## What this task involves
Beginning at the line that contains "Piston WG1175245 WILMINK GROUP", output each line exactly through the end of the records, and drop any pictures.

=== Supplied material ===

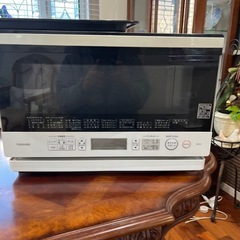 東芝　石窯オーブンレンジ
の画像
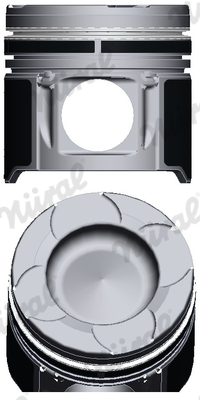 Piston WG1175245 WILMINK GROUP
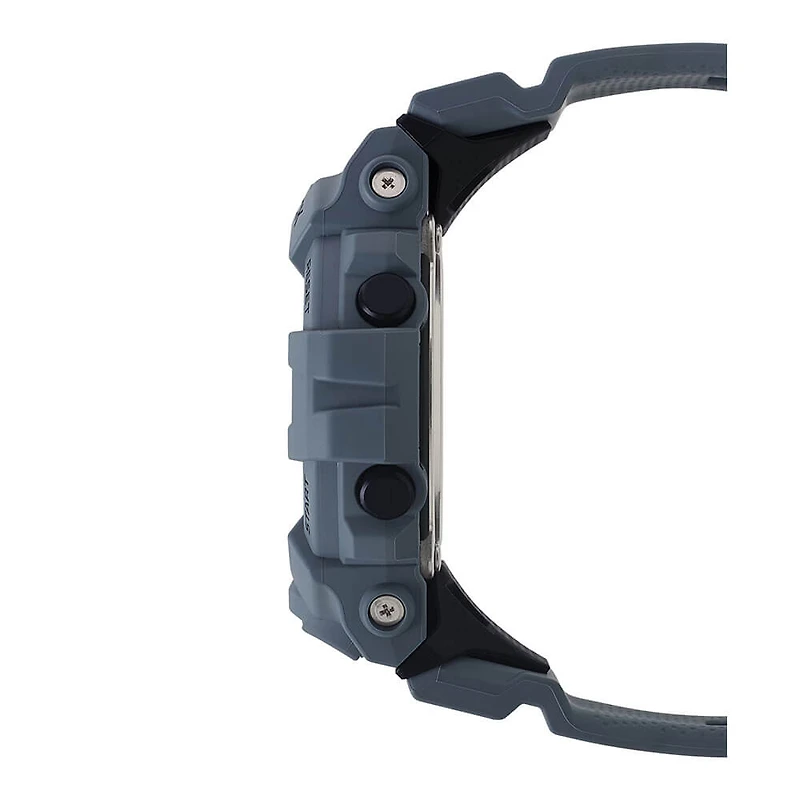 G-Shock Move GBA-800 Series Sports Watch - Blue/Gray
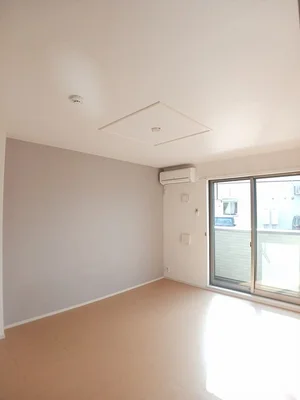 甲賀市のマンスリーマンション・ウィークリーマンション「ジョイ　アルミュール　Ｂ 103・洋室(No.1173253)」メイン画像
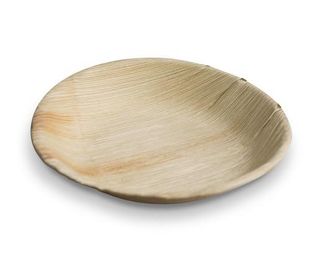 Palm Round Plate Small 18cm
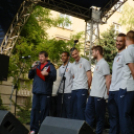 Májusi mulatság a Dózsa téren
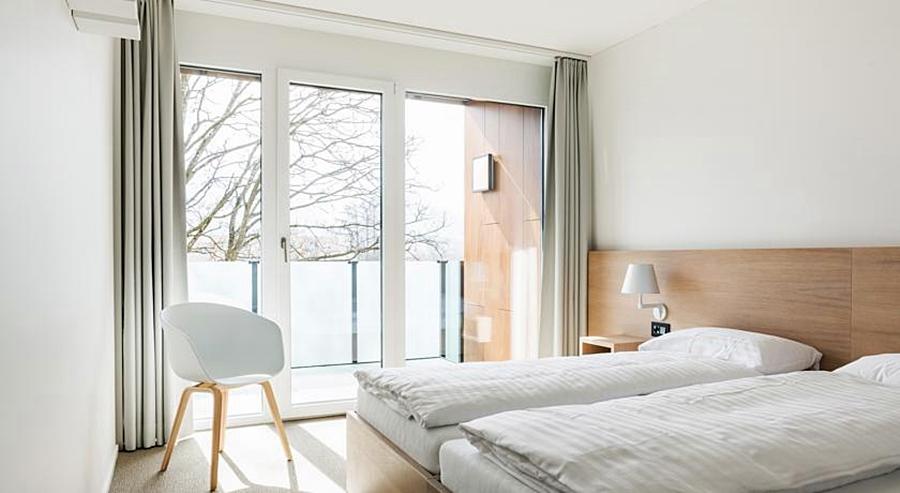 Newstar Hotel St. Gallen Bagian luar foto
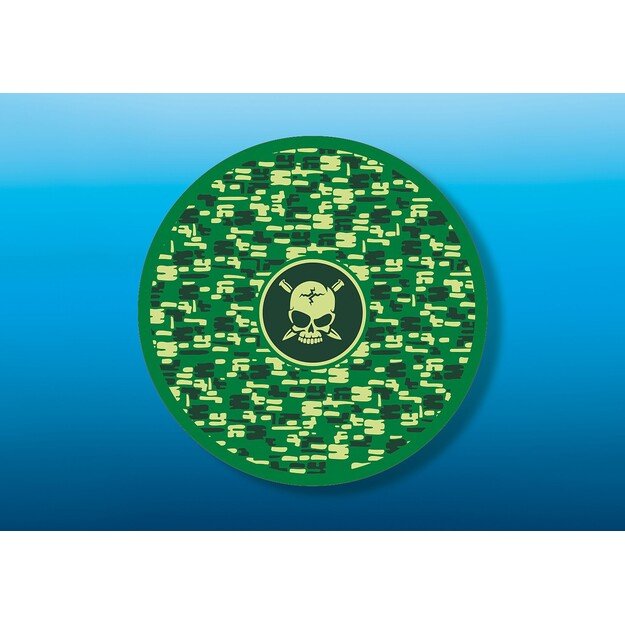 Playmobil - Police helicopter - Parachute pursuit (70569) 1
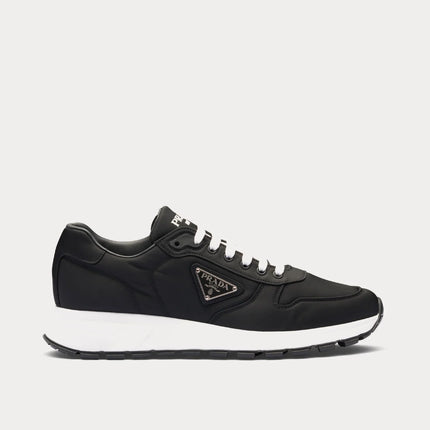 Men's Prada Prax 01 Re-Nylon 'Re-Nylon Black' Sneakers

===

## Written answer
 Piston WG1175245 WILMINK GROUP
 G-Shock Move GBA-800 Series Sports Watch - Blue/Gray
 甲賀市のマンスリーマンション・ウィークリーマンション「ジョイ　アルミュール　Ｂ 103・洋室(No.1173253)」メイン画像
 Palm Round Plate Small 18cm
 Májusi mulatság a Dózsa téren
 Newstar Hotel St. Gallen Bagian luar foto
 Playmobil - Police helicopter - Parachute pursuit (70569) 1
 Men's Prada Prax 01 Re-Nylon 'Re-Nylon Black' Sneakers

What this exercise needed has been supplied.